The scientists at the Broad Institute employed a combination of computational algorithms and lab chemistry to determine where mutations occurred and to validate their results. What they found astonished them. Though the outbreak in Germany was more widespread and originated from a larger quantity of fenugreek seeds, the isolates from France had more mutations. In other words, the isolates of the larger, more widespread German outbreak were more closely related to each other than the isolates of the smaller French outbreak.

In their study published in the Proceedings of the National Academy of Sciences, Grad and Hanage propose several possible explanations for these results. In the bottleneck hypothesis, the authors suggest that a bottleneck filtered out the diversity of the German strains before the outbreak proliferated throughout the country. For example, the outbreak could have begun from a single infected human associated with the German sprout farm.

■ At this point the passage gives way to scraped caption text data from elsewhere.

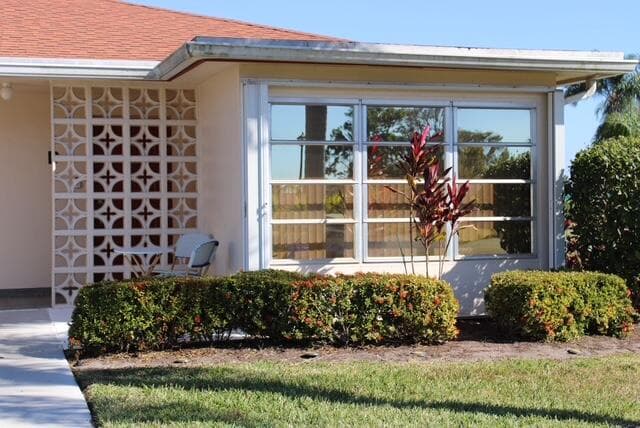 4835 NW 3rd Court D, Delray Beach, FL 33445 — photo 40 of 46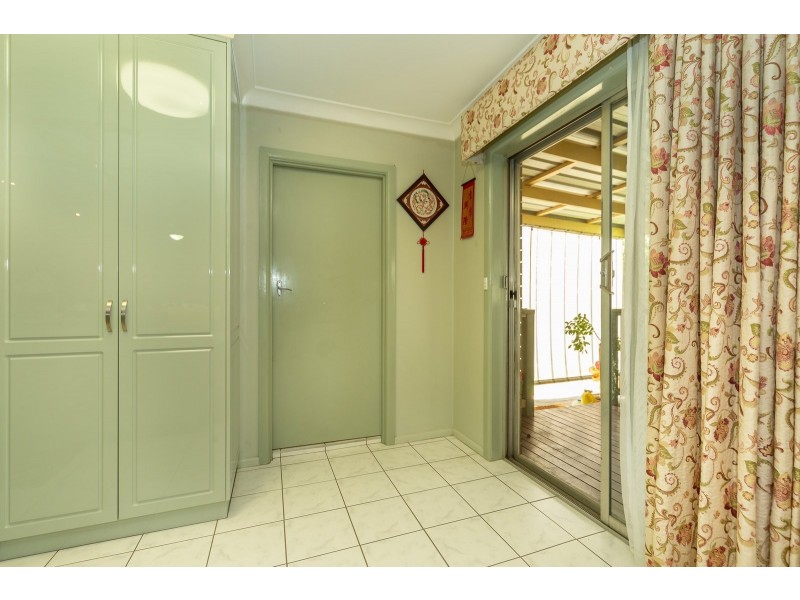 3/392 Kotthoff Street, Lavington NSW 2641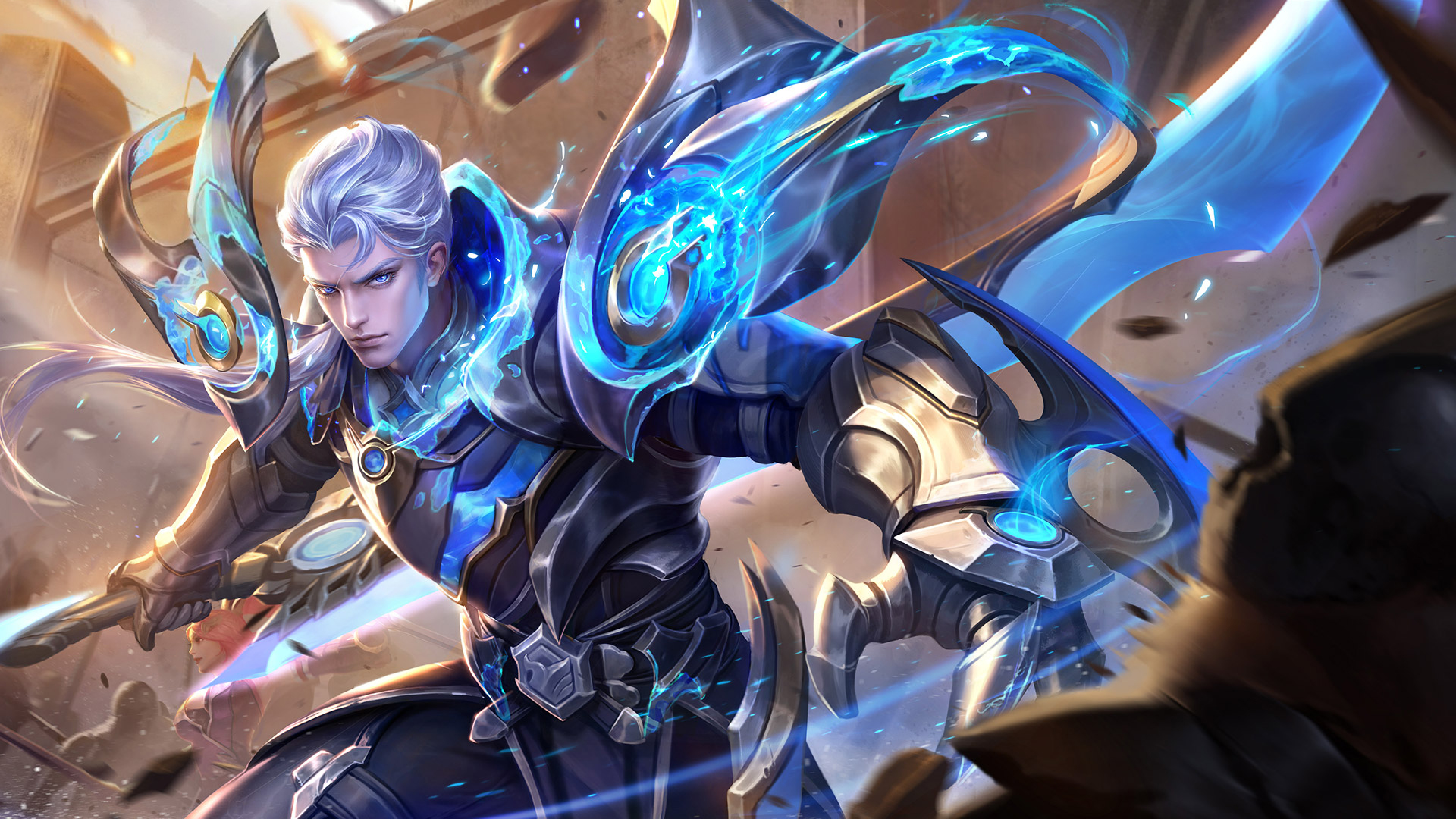 球最受欢迎 球最受欢迎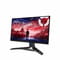 Фото - Монитор Lenovo 27" Legion R27qe (68C7GAC3UA) IPS Black 200 Hz | click.ua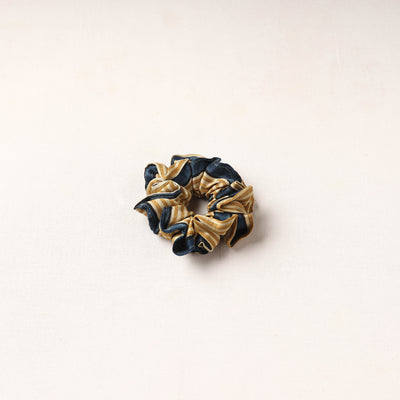Handmade Fabart Rubber Band/Scrunchies 79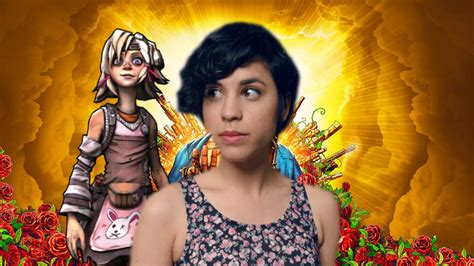 ashly burch tiny tina.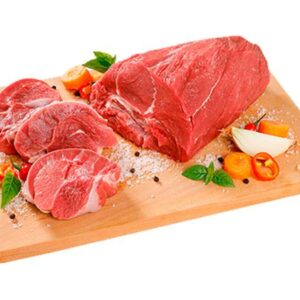 MUSCULO 100g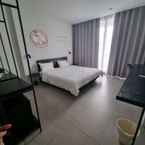 Review photo of CHERN Bangkok Boutique Hostel 5 from Kanokwan S.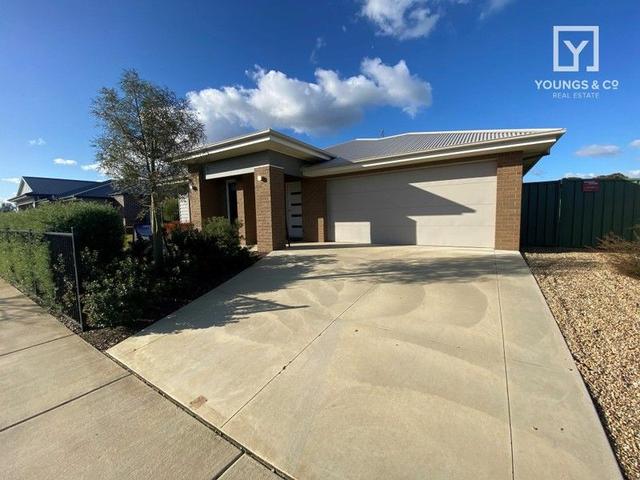 3 Apostle St, VIC 3631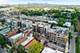 1740 W Belmont Unit 1R, Chicago, IL 60657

Another hypothesis posed by Grad and Hanage is that sprouting conditions for the French seeds were more favorable for diversification than in the German sprout farm. The French seeds were germinated one and a half days longer than their German counterparts, and were watered with tap water of varying temperatures as opposed to the consistent, 20° C well-water used on the German farm. It’s possible, then, that variable conditions produced greater diversity, though further research would be needed to support this hypothesis.

There is more to this study than these proposed hypotheses. "For genome-based epidemiology to be useful in an outbreak it will need to be done quickly," Hanage says. "Part of the goal of this work was to show that it can be done quickly, and convince people of the value of sequencing more than just one isolate."

Presuming enough people are convinced, this kind of large scale, rapid, and inexpensive sequencing and analysis forecasts the future of epidemiology. “This is going to be the way epidemiology is done in the future,” Hanage says. “Imagine if we found that there were multiple deep lineages, suggesting more than one source of contamination? That is something we would want to tell people pretty sharpish. Depending on what we found, we might want more strains, and it would be easier to get them from work that is more relevant to an ongoing epidemic than one that happened a year ago.”

In other words, epidemiology is shifting from a reactive process to a proactive one, and that should mean fewer lives lost to disease outbreaks.


1. Grad, Yonatan H., et al. Genomic epidemiology of the Escherichia coli O104:H4 outbreaks in Europe, 2011. PNAS 2012 109: 3065-3070.

2. Wetterstrand KA. DNA Sequencing Costs: Data from the NHGRI Large-Scale Genome Sequencing Program Available at: www.genome.gov/sequencingcosts. Accessed 4/2/2012.